EXERCISE REQUIREMENTS:
Reproduce the listing word for word. Skip any image.

DATA LISTING:
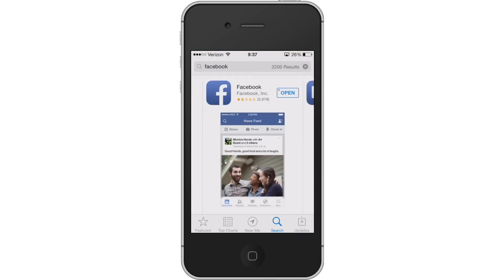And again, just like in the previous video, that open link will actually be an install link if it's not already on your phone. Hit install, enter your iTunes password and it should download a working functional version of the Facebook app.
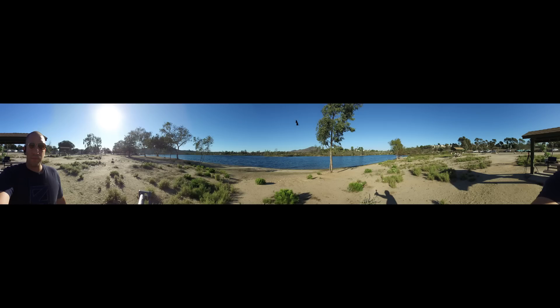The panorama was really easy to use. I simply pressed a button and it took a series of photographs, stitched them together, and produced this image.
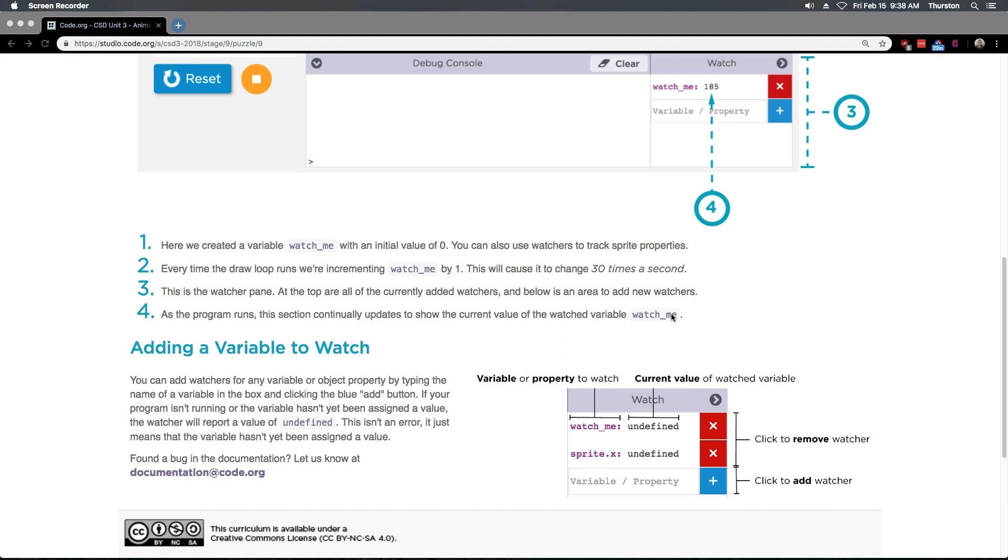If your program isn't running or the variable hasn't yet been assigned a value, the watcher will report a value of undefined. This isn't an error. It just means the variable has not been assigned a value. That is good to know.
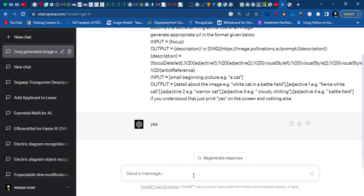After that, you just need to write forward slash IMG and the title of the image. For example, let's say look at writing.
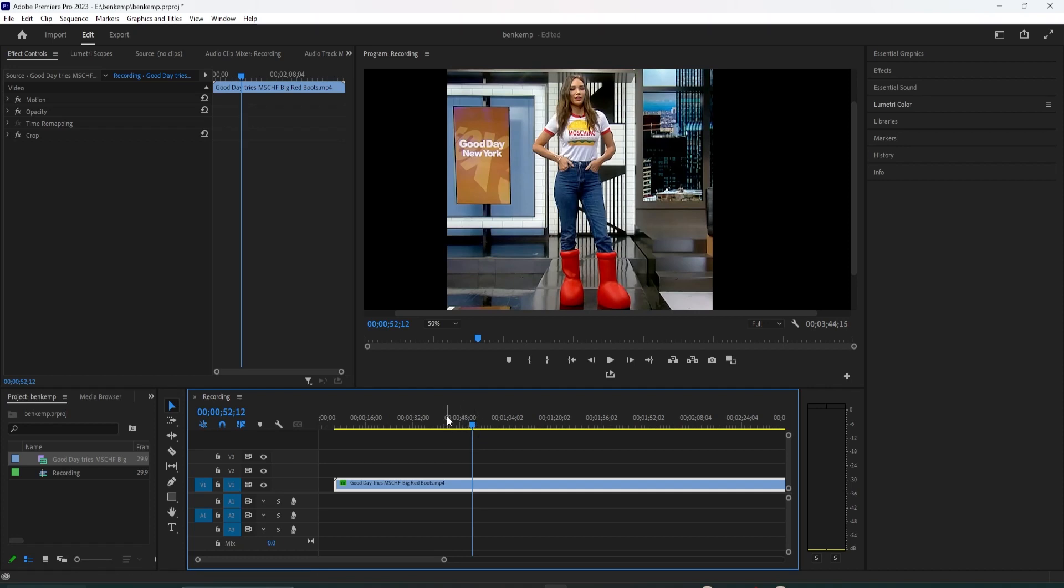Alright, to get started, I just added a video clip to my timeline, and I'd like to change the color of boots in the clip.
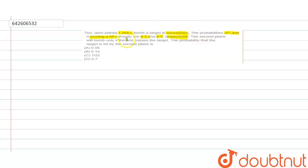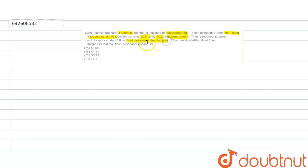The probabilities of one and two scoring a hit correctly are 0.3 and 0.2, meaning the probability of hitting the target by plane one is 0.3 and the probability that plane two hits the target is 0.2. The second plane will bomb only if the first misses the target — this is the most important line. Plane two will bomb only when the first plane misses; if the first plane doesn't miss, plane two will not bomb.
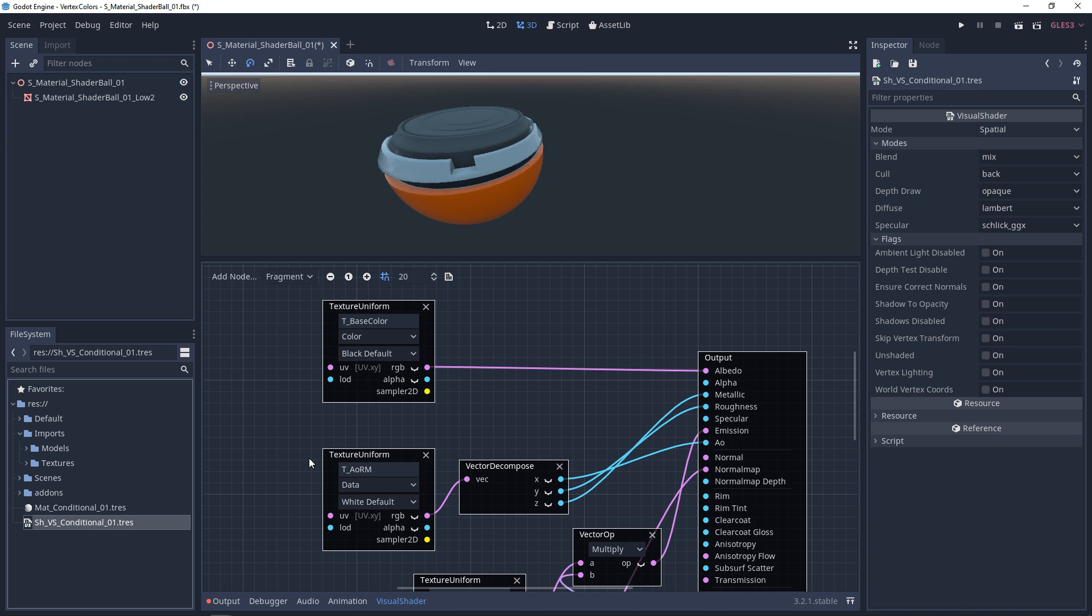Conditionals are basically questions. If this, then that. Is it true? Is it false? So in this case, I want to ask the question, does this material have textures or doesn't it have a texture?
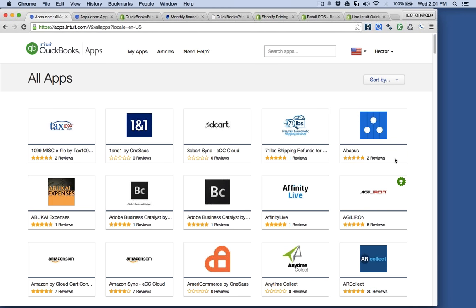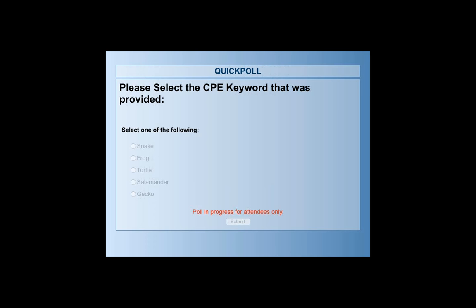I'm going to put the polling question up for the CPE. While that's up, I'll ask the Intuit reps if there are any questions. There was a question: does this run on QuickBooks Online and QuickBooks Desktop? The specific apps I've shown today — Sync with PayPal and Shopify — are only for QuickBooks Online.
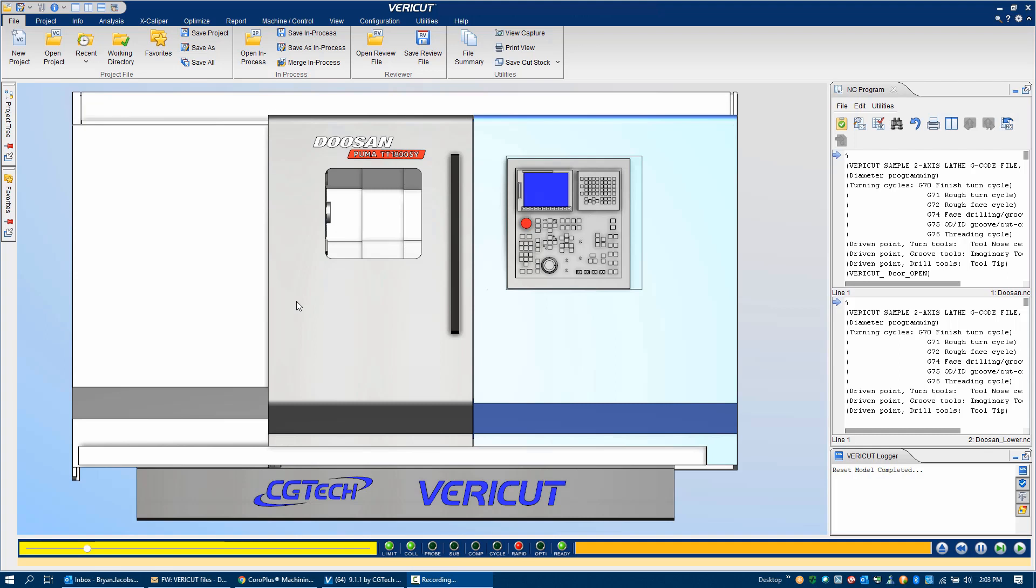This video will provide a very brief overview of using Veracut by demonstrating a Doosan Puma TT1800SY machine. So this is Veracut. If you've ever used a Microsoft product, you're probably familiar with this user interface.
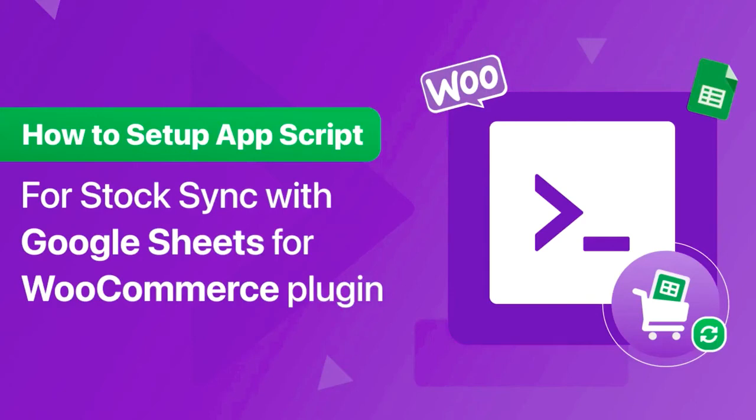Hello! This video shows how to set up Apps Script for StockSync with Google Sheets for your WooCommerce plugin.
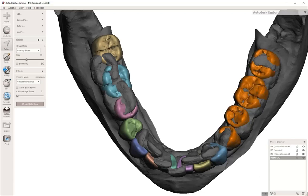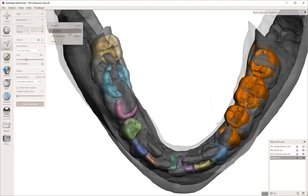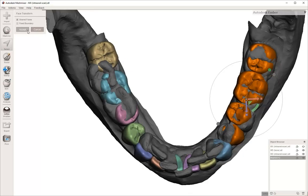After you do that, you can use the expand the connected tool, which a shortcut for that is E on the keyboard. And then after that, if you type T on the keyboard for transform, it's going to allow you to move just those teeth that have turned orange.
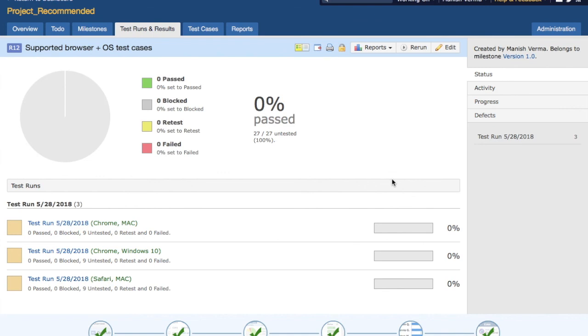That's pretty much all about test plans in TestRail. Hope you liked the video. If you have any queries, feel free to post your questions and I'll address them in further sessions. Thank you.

EXERCISE ANSWER:
And again, just like in the previous video, that open link will actually be an install link if it's not already on your phone. Hit install, enter your iTunes password and it should download a working functional version of the Facebook app.
The panorama was really easy to use. I simply pressed a button and it took a series of photographs, stitched them together, and produced this image.
If your program isn't running or the variable hasn't yet been assigned a value, the watcher will report a value of undefined. This isn't an error. It just means the variable has not been assigned a value. That is good to know.
After that, you just need to write forward slash IMG and the title of the image. For example, let's say look at writing.
Alright, to get started, I just added a video clip to my timeline, and I'd like to change the color of boots in the clip.
The probabilities of one and two scoring a hit correctly are 0.3 and 0.2, meaning the probability of hitting the target by plane one is 0.3 and the probability that plane two hits the target is 0.2. The second plane will bomb only if the first misses the target — this is the most important line. Plane two will bomb only when the first plane misses; if the first plane doesn't miss, plane two will not bomb.
Conditionals are basically questions. If this, then that. Is it true? Is it false? So in this case, I want to ask the question, does this material have textures or doesn't it have a texture?
I'm going to put the polling question up for the CPE. While that's up, I'll ask the Intuit reps if there are any questions. There was a question: does this run on QuickBooks Online and QuickBooks Desktop? The specific apps I've shown today — Sync with PayPal and Shopify — are only for QuickBooks Online.
This video will provide a very brief overview of using Veracut by demonstrating a Doosan Puma TT1800SY machine. So this is Veracut. If you've ever used a Microsoft product, you're probably familiar with this user interface.
Hello! This video shows how to set up Apps Script for StockSync with Google Sheets for your WooCommerce plugin.
After you do that, you can use the expand the connected tool, which a shortcut for that is E on the keyboard. And then after that, if you type T on the keyboard for transform, it's going to allow you to move just those teeth that have turned orange.
That's pretty much all about test plans in TestRail. Hope you liked the video. If you have any queries, feel free to post your questions and I'll address them in further sessions. Thank you.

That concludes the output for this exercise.